# If dG is a state function, why do reversible and irreversible paths differ?

For a reversible process at constant T,P in a closed system with no non-expansion work dG = 0. For an irreversible process under the same conditions, dG < 0. Since dG is a state function I would expect two process at the same T,P to give the same result just as dS is calculated for reversible processes but can be applied to any process with the same initial and final states. I suspect that I have incorrectly assumed that the states for dG are the same but I'm unsure.
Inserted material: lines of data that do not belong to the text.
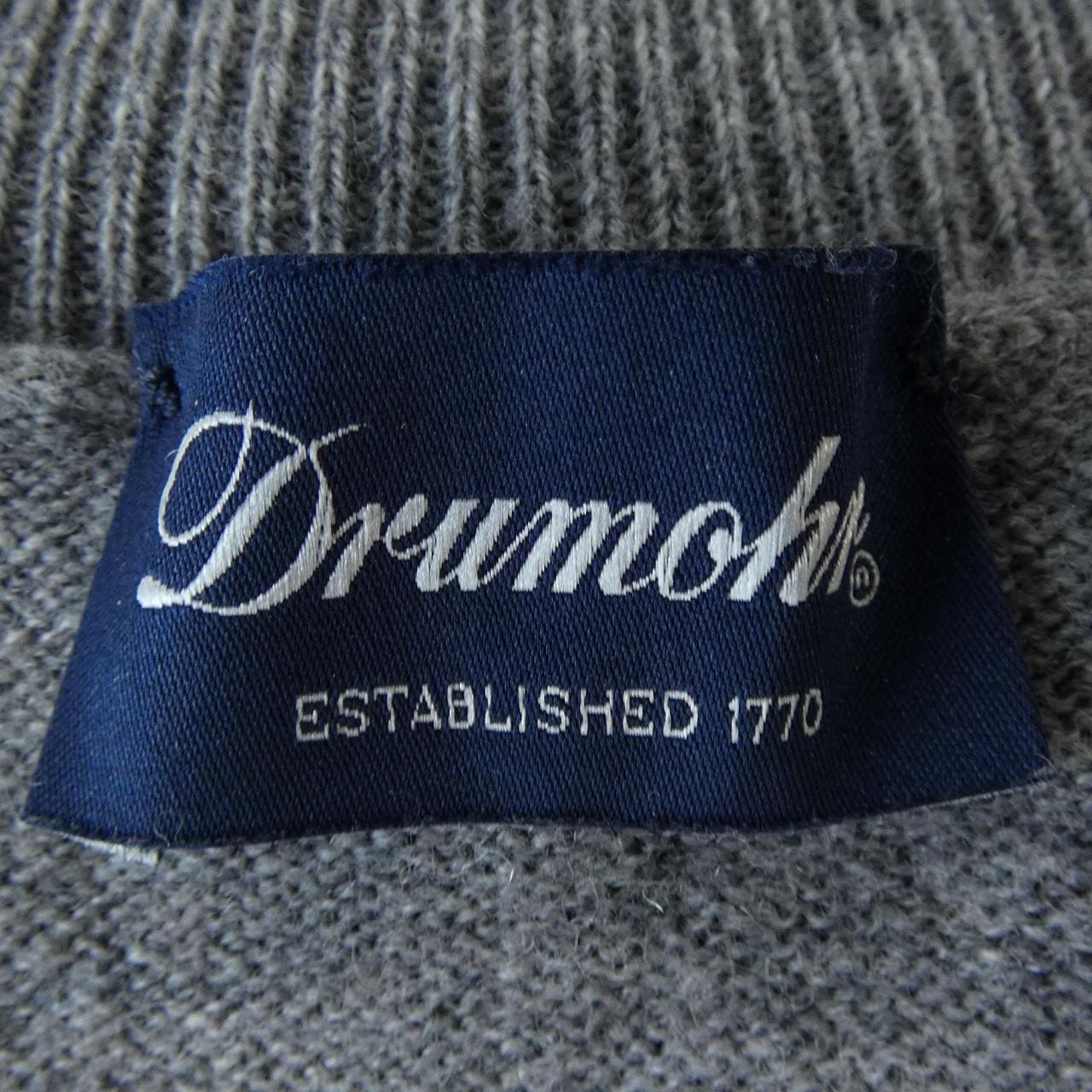 ドルモア Drumohr ニット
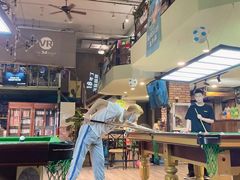 -第三空间·趣味桌游·轰趴.室内CS.剧本杀(大武汉1911店)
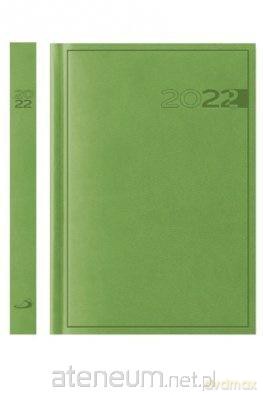 Kalendarz 2022 B7 Print zielony [KALENDARZ]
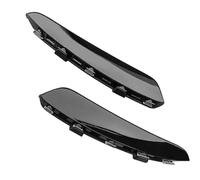 Paraurti Anteriore Con Alette Laterali Canard Per Mercedes Per Benz Classe A W177 AMG A180 A200 A250 A35 2019-2024 Accessori Per Auto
• G is not only a function of T and P, but also a function of chemical composition. Jun 14, 2018 at 19:05
• Right, but in this case I'm assuming single phase pure substances so that n is constant.
– Yuki
Jun 14, 2018 at 19:24
• For the same initial and final states of the system, it has to be the same. If you have a single phase pure substance and the initial and final temperatures and pressure are the same, then $\Delta G$ of the system is zero, irrespective of the path. Of course, the intermediate states can vary, and the changes in the surroundings may be different. Jun 14, 2018 at 19:31
• Can you provide a specific example that we can discuss? Jun 14, 2018 at 19:51
• I think I figured it out. For a constant T,P process heat is dq=dH and is no longer a path function so that dG=0 regardless of whether the process is reversible or irreversible. dG is only <0 if there is a change in another variable such as n1,n2... or if we get rid of the constant P condition.